Below are the records. List every line holding the word "Used".

__THE INPUT__:
------------------------------

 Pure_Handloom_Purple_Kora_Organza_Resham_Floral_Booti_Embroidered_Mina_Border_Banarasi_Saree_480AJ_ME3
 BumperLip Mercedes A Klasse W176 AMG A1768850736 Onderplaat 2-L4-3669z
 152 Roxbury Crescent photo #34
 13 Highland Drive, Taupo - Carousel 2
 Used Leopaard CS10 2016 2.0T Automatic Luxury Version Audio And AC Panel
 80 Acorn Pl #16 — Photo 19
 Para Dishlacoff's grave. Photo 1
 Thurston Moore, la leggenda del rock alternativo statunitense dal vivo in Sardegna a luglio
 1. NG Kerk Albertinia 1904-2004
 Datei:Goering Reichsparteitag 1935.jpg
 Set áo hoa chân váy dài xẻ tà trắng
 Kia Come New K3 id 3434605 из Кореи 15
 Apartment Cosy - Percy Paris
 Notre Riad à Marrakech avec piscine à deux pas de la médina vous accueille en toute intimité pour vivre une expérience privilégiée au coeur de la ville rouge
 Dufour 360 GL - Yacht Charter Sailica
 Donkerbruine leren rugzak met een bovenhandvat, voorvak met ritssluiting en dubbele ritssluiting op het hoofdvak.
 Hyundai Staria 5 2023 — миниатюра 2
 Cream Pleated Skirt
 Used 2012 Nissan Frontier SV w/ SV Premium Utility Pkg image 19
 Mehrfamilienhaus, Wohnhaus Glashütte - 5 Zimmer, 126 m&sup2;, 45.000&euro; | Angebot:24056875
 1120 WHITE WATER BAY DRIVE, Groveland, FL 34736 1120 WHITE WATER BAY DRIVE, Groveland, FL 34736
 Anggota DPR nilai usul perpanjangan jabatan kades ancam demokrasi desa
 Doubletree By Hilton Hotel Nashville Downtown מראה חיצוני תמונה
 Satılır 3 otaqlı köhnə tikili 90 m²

------------------------------

__EXPECTED OUTPUT__:
 Used Leopaard CS10 2016 2.0T Automatic Luxury Version Audio And AC Panel
 Used 2012 Nissan Frontier SV w/ SV Premium Utility Pkg image 19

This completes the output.